:: PROBLEM ::
Only the lines from the one containing "Minimalistické strieborné náušnice 73269" to the end of the material are to be copied, exactly and in full; images stay out.

********************

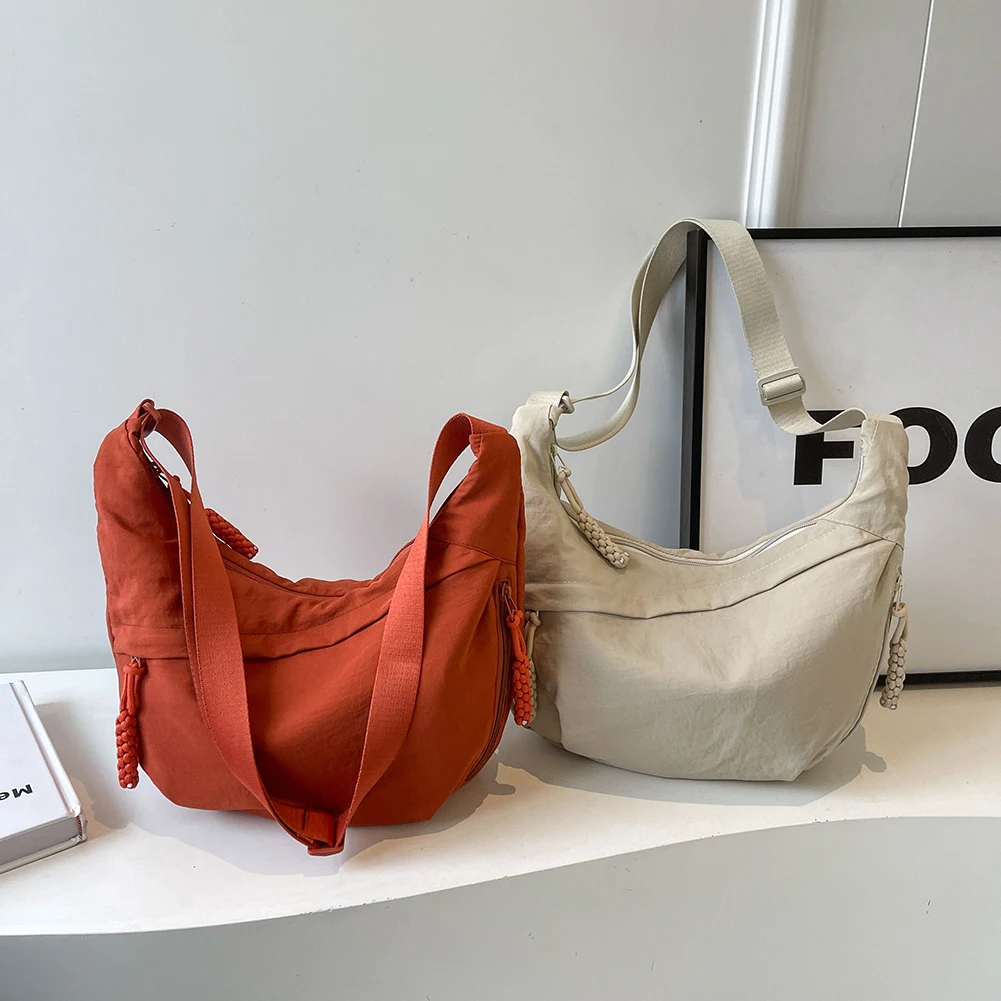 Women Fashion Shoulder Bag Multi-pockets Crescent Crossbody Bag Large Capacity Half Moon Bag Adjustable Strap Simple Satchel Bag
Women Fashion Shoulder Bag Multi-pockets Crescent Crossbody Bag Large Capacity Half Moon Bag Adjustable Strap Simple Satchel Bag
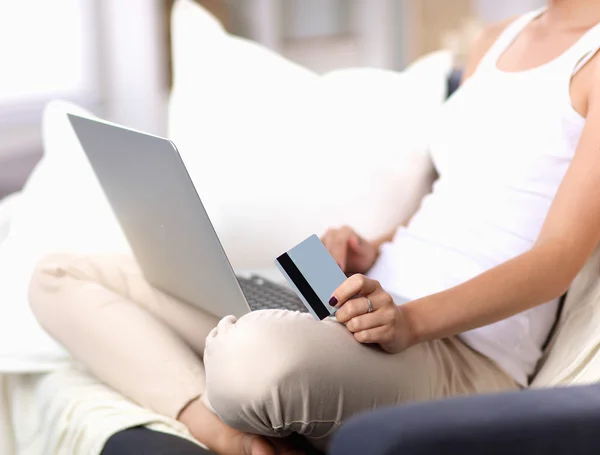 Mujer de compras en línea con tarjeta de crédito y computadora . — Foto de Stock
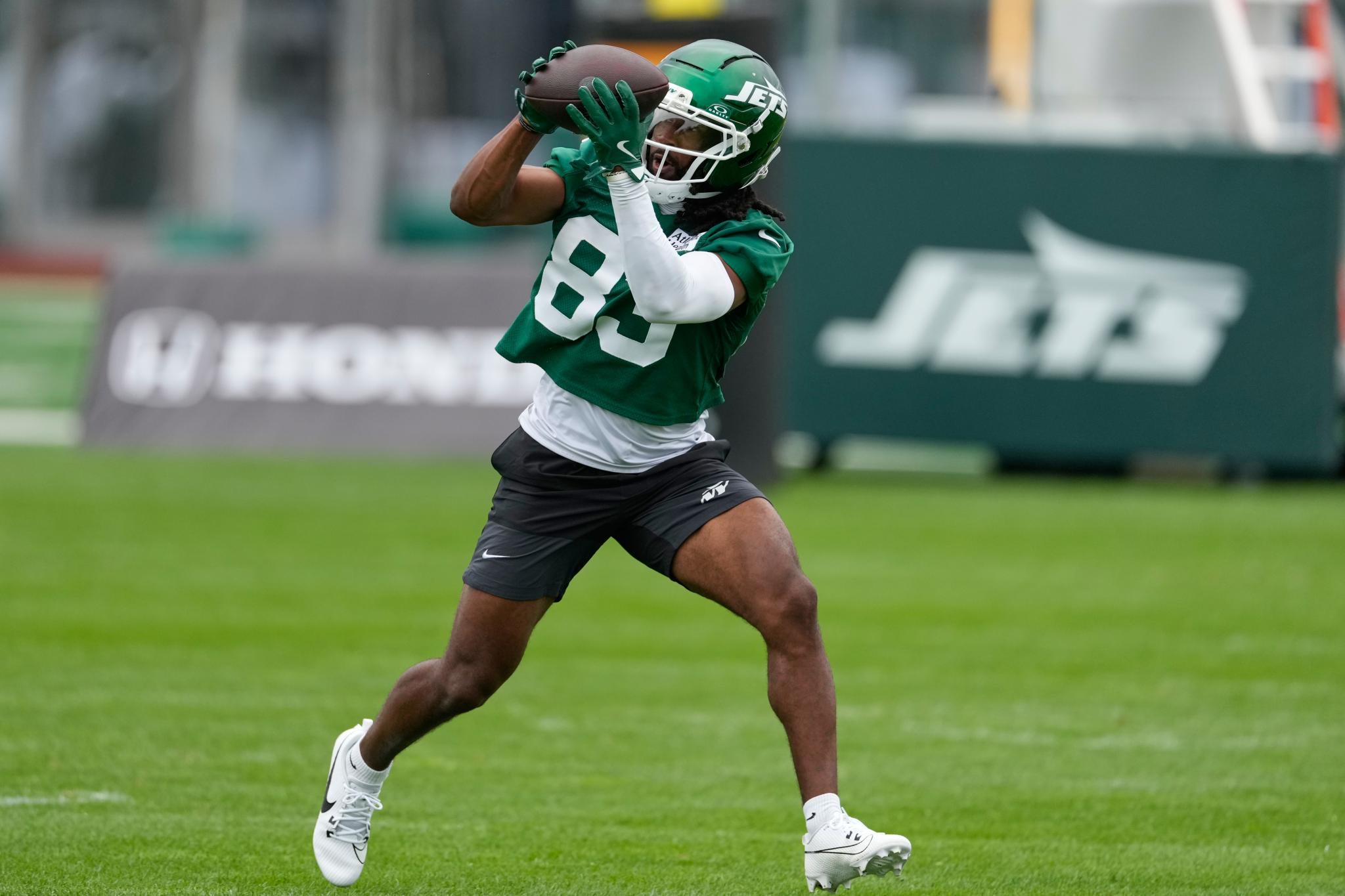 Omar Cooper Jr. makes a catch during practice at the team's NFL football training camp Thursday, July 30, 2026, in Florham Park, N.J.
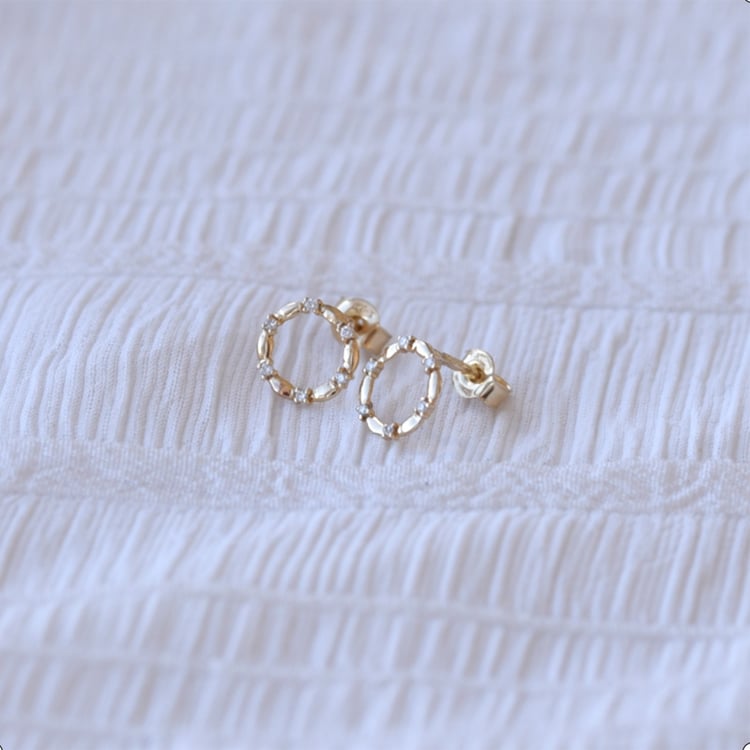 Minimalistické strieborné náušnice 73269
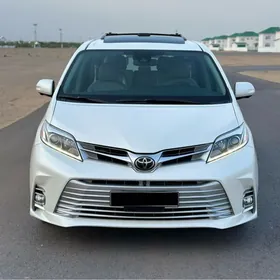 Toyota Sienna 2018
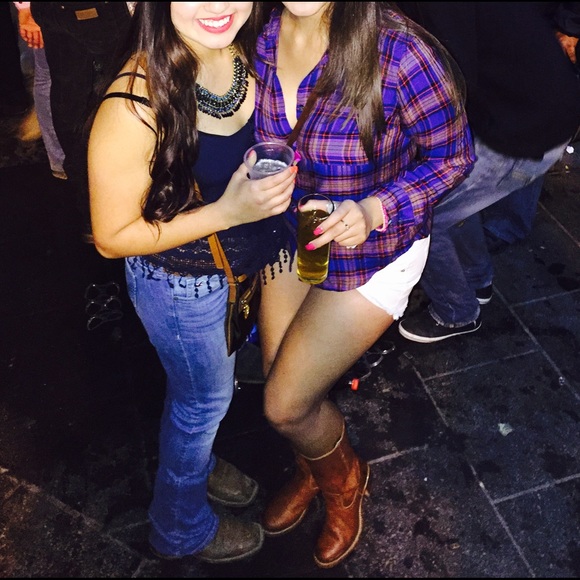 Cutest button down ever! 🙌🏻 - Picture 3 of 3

********************

:: ANSWER TO THIS PROBLEM ::
 Minimalistické strieborné náušnice 73269
 Toyota Sienna 2018
 Cutest button down ever! 🙌🏻 - Picture 3 of 3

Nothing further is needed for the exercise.